#### Assignment
Since only part of the material below is wanted, output exactly the lines from the one with "他院で次に虫歯になったら治せ" up to and including the one with "ATP6V1C2 Antibody in Western Blot (WB)".

#### Data supplied
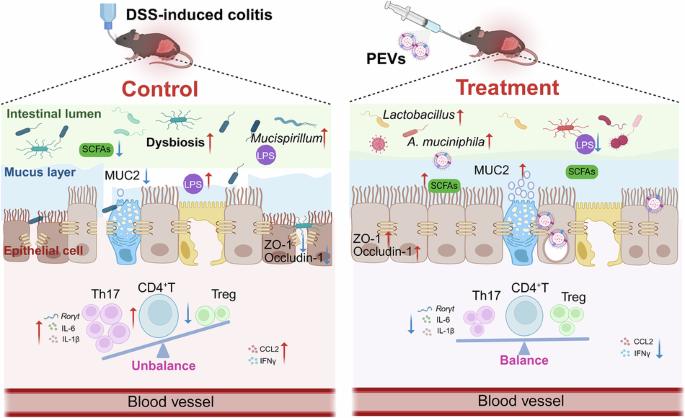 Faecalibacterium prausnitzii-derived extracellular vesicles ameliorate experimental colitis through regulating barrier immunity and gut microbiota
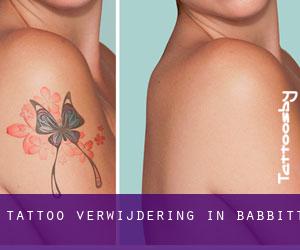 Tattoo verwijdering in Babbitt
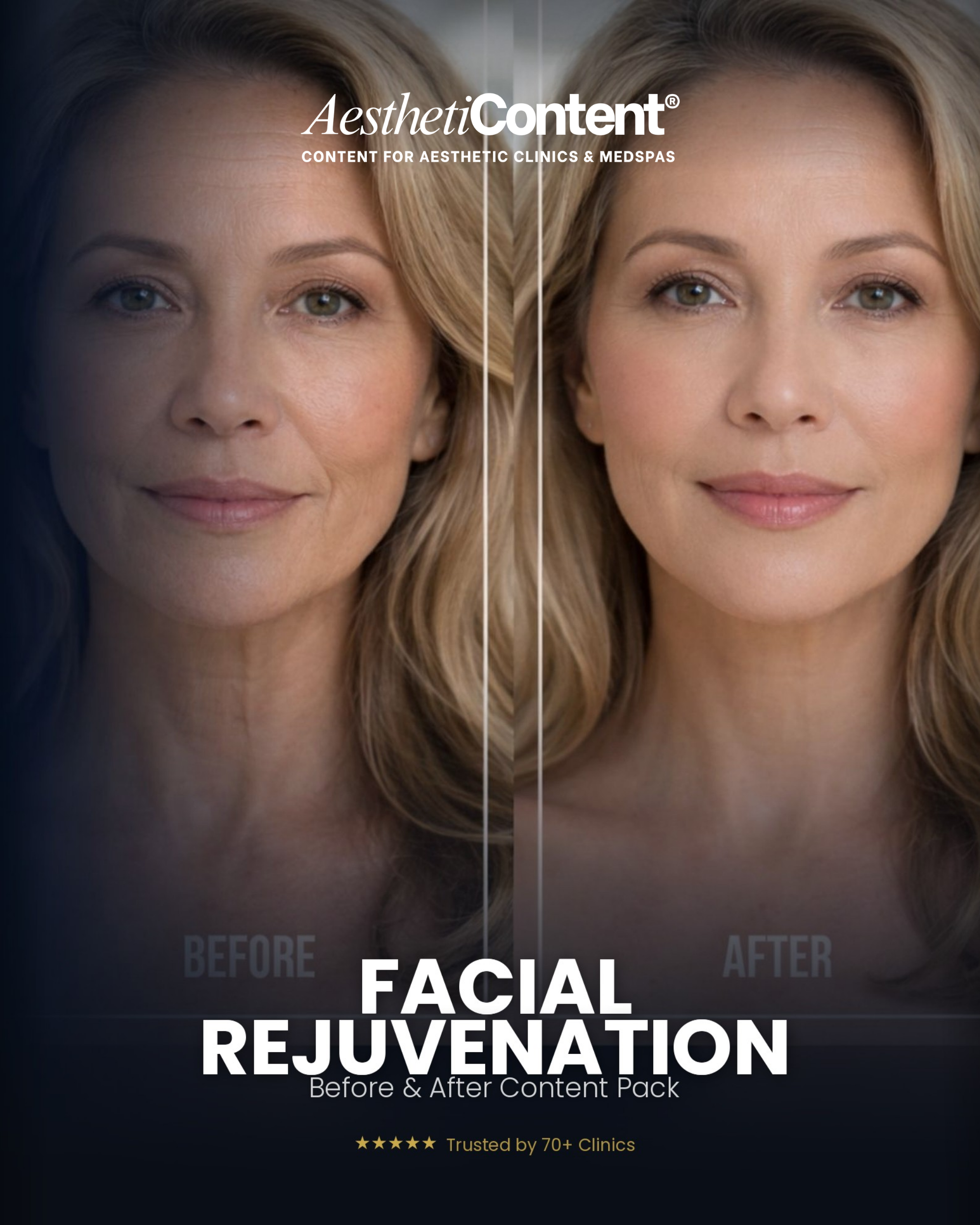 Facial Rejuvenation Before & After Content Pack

==

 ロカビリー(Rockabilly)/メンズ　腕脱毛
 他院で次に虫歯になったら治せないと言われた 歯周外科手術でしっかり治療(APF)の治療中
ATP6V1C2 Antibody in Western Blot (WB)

#### Exercise output
 他院で次に虫歯になったら治せないと言われた 歯周外科手術でしっかり治療(APF)の治療中
ATP6V1C2 Antibody in Western Blot (WB)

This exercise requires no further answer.